One of the places I like to visit for a good “police” take on things is written by an articulate fellow goes by the moniker, Cerberus. Today’s was a fun read, ”On Contempt for Authority…”, where he pointed to the importance of having a good attitude when dealing with cops and/or judges. I won’t spoil it for you, just go enjoy what’s there and see if you don’t agree.
I’ll chime in now; a chance to share a couple of my own traffic experiences. This is the kind of stuff usually reserved for the police parking lot after gassing up the city ride when officers have a chance to play, “top this”.
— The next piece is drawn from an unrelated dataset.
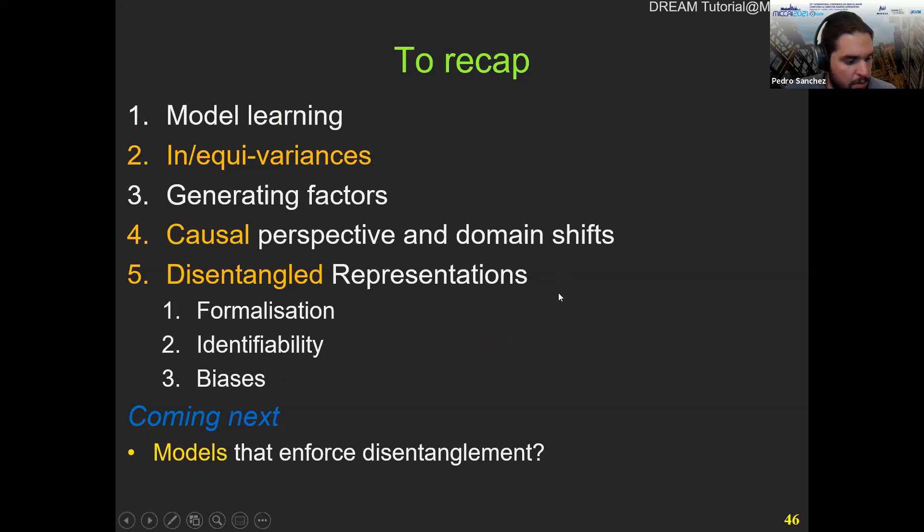Coming up, we're going to see other models that are important for disentanglement, like which models we can use. Are there any questions? There's a question: do you consider contrastive learning a subset of supervised learning? In other words, can we obtain disentanglement orientation using contrastive learning?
A fellow of Middle Eastern heritage was doing a poor job of fleeing, an assumption on my part, as he continued to run stop signs and red lights while I was behind him with my emergency equipment on. When he finally pulled over I noticed several wrecker drivers setting up for a sure thing, having listened to the police frequencies as I explained to my dispatcher what had been going on.
The violator knew he was about to visit the jail house for running from a cop so he starts off apologizing for having driven a car with bad brakes; never would he consider running from a law enforcement officer. I smiled and looked over at the wrecker drivers parked half a block away and I began writing traffic tickets for each and every stop sign and red light he’d run through.
“You’re still going to write me tickets after I explained that my brakes were bad?” He thought his lame excuse would exempt him from the consequences of his actions.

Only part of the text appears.